Servicers Move to Rent and Hold Strategy

Servicing industry specialists gathered together for a roundtable discussion at the recent SourceMedia Best Practices in Loss Mitigation Conference in Dallas to discuss current strategies to dispose of real estate-owned assets and how technology is helping servicers in the pre- and post-foreclosure process.

Chris Saitta, CEO of REOTrans, said regardless of the volume that will foreclose, there is already a high amount of foreclosures, and there is not a real estate market or a financing environment available to push those out at a quick pace. That is why many lenders and servicers are considering a rent-and-hold strategy.

Several major services have told Robert Mackey, director in servicer evaluations, Standard & Poor’s, that they are starting to see multiple bids for some of their REOs. Prospective buyers are showing up at foreclosure sales and there is bidding going on. On a positive note, Mr. Mackey is starting to hear a bit of good news out of California. The prices of REO homes may be discounted to the point where “it’s almost giving it away,” Mr. Mackey said.

It used to be investors would come in and buy foreclosed homes and REOs and flip them. It’s not the environment to do that anymore, added Mr. Saitta. “It’s a buy-and-hold strategy now. Even the investors that are coming in who either have financing or all cash are buying and then going to a rental.” The roundtable participants agreed the HAMP modifications will put a dent in foreclosure numbers, but it’s a tsunami that’s coming.

“You’re going to see some pockets of success, you’re going to see this program implemented, maybe some new programs, nonretention strategies come out,” Rich Rollins, chief executive officer of Infusion Technologies, told the group.

Servicers don’t have the technology platforms in place to be able to drive a lot of the processes very quickly through the system.
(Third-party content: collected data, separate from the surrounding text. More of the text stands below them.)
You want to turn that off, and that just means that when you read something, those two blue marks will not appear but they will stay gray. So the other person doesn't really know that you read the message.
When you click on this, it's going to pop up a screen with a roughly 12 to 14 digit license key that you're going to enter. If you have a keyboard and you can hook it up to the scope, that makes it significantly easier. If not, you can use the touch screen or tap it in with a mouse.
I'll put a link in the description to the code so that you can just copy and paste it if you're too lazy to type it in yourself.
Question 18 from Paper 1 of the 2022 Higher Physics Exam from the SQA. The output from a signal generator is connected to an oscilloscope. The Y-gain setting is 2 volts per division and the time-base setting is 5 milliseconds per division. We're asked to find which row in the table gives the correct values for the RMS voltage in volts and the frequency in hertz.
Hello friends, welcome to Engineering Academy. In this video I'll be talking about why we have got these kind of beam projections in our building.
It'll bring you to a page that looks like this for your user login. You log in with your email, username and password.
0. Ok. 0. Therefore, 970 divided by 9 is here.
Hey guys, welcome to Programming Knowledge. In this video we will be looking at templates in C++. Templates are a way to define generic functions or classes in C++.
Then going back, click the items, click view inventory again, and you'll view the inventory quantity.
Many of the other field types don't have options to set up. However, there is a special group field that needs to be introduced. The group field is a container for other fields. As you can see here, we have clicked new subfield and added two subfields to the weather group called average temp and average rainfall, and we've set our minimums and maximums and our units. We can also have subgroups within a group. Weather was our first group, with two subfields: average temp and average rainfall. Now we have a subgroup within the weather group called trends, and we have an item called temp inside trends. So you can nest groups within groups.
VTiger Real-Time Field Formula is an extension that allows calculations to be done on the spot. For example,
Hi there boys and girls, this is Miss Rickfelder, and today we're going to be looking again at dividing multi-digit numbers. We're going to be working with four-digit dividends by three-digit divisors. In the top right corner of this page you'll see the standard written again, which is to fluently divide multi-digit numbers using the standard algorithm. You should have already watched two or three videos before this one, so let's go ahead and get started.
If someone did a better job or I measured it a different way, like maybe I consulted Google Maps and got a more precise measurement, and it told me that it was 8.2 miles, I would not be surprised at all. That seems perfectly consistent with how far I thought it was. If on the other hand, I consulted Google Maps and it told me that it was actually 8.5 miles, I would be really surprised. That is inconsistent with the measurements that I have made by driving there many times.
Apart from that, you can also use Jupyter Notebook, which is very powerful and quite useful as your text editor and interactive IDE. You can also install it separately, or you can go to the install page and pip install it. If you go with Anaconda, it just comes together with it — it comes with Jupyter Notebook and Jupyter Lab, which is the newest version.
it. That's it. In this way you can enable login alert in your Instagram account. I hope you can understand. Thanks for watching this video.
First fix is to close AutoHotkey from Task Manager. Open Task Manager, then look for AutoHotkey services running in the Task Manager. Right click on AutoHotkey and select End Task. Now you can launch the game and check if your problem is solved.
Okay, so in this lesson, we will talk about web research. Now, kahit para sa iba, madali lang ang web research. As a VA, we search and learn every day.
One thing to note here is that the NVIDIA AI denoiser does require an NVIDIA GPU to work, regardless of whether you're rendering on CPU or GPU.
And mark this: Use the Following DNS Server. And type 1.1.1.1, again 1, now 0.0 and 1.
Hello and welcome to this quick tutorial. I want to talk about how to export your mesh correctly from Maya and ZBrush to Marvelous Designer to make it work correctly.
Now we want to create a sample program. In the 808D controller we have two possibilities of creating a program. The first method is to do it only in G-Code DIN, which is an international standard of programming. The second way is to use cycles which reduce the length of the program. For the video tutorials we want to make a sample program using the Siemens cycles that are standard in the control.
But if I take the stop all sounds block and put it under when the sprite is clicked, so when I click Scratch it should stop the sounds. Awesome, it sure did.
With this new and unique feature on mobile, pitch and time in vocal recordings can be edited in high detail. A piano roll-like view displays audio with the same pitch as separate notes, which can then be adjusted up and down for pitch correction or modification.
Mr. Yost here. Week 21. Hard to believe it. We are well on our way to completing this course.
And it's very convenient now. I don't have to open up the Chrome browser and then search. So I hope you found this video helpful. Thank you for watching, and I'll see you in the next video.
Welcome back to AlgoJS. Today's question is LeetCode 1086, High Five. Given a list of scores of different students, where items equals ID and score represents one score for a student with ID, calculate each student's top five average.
Ron Morgan, CEO of Sterling Home Retention Services, described how Fannie has just received direction from the Treasury that they want tighter control and they want more participation in the servicers themselves.

“The servicers so far, it’s amazing, because there’s not one company or one bank or one institution that can handle the type going from 4% or 5% delinquencies and even 9% or 10% in the subprime world to 25% or 30%. But they’re still kind of slow and resistant to engaging how many outsourced vendors, additional contractors or people that are experts in our channel than they really could.” Mr. Rollins agreed, saying servicers don’t have the time or resources to put into technology. “It’s people like us who have put the money and time into technology and standardization of processes, who have work flow, who have business rules, who have those kind of things that give the lift, it’s the aggregate of what we can do for the industry, I believe, that will help to make the difference,” Mr. Rollins said. Regarding the Home Affordable Modification Program, Greg Hebner, president of MOS Group, said what the industry is seeing substantial decreases in payments, as much as 30%-50%, during the trial period.

“The chances of the borrower who is struggling to make a $2,000 mortgage payment, to make an $1,100 mortgage payment, I think the opportunity to see a much higher success rate are there,” said Mr. Hebner.

“I think what was missed and not being privy to how much interaction between the major servicers and the government happened prior to roll out is, there’s a lot of complexity in this process and it is really a challenge to balance resources with demand.”

Frank Liddy, vice president of Genpact, stressed the point that as clarity gets refined, competence will be built out for HAMP users.

“Now as someone in the outsourcing community, I find it very interesting that as we all go through the stages of clarity definition, we’re all learning this through. But when I think about where outsourcers can play a role here, it’s clearly on the competency side to bring in both originations and servicing experience and expertise,” Mr. Liddy said during the roundtable.

“It’s clearly capacity, although I would say I think there’s going to be a lot of questions about do you outsource this work to a provider that takes it offshore? So as a provider, I’ve been very conscious of architecting our outsourcing solution from the industry and saying, everything we will do for the industry will be 100% onshore. I think that overcomes a lot of concerns, considerations about who is going to be doing the work.”